Support to repLoad the clone files generated by Trust4 program. #82

Open sciencepeak opened 4 years ago

sciencepeak commented 4 years ago

🚀 Feature

Support to repLoad the clone files generated by Trust4 program.

Motivation

Among the clonotype identification tools, Trust4 is an emerging tool that are recently updated. Its previous paper were published on Nature: https://dx.doi.org/10.1038%2Fng.3581

I am not the developer of Trust4, I am just a user, however, the preliminary results of Trust4 show that the tool yields high quality clones. We want to chain the Trust4 and immunarch seamlessly in our research. We hope to use immunarch to analyze the results from Trust4 without manually converting the Trust4 result format to VDJtool result format.

Pitch

I wish to have repLoad() directly read the clonotype files from TRUST4. If there are some fields that are missed in the Trust4 results but needed in the immunarch input, please contact the Trust4 developers to request a new feature. https://github.com/liulab-dfci/TRUST4

Alternatives

Additional context

vadimnazarov commented 4 years ago

Hi @whitehilltea

Thank you for the suggestion! Can you provide an example output of the software tool so we can test the immunarch parser on it please?

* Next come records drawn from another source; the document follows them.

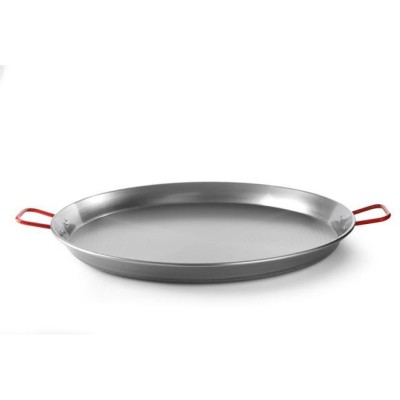 Patelnia do paelli, HENDI, Odpowiednie do grilli Fiesta 146804, o800x(H)50mm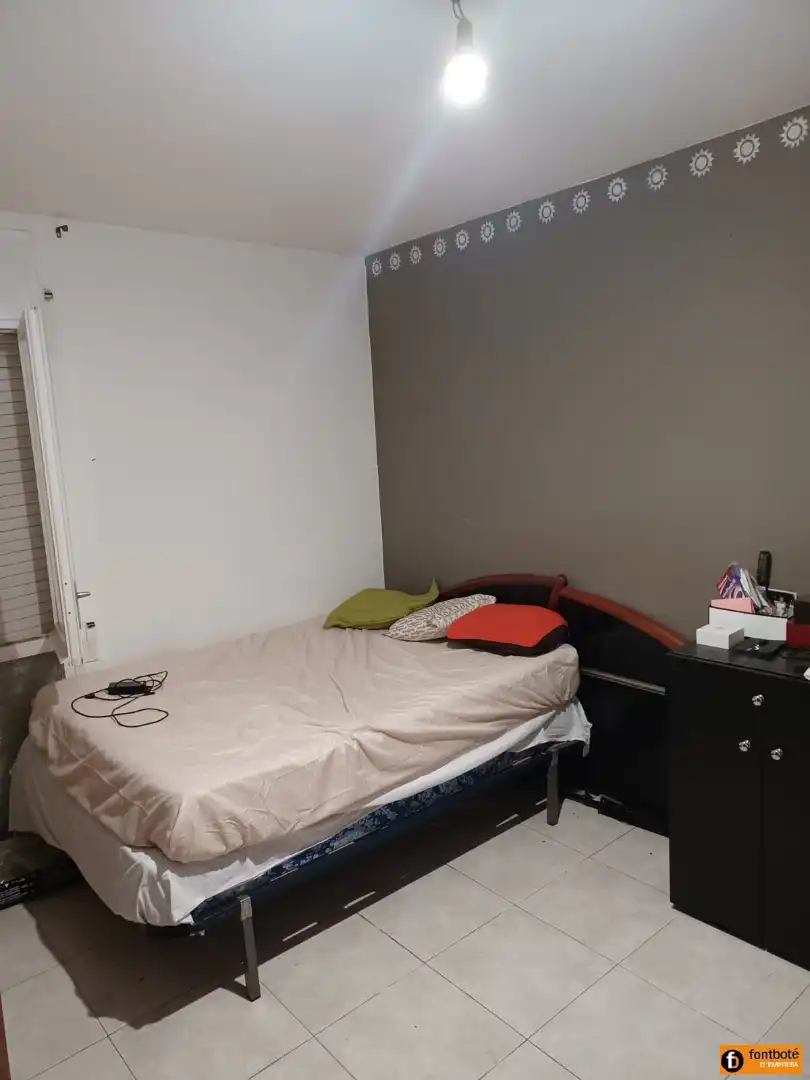Piso con terraza en venta en Passeig de Prim, imagen 8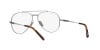 Ray-Ban Aviator Titanium RX 8225V (1224) - RB 8225V 1224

sciencepeak commented 4 years ago

Hi, @vadimnazarov

Thanks for considering the feature request. trust4_result.zip

Alexander230 commented 2 years ago

Hi, @sciencepeak! My name is Aleksandr Popov, I am a developer of the Immunarch package. Thank you for using our software!

I'm happy to inform you that Immunarch starting from version 0.6.7 supports Trust4 format in repLoad function. You are welcome to use it!

Good luck, Aleksandr

sciencepeak commented 2 years ago

@Alexander230 Thanks for adding the feature. I tested the new feature, and found that the automatical detection of the clonotyping tool label the trust4 as vdjtools. Perhaps there are more improvement room.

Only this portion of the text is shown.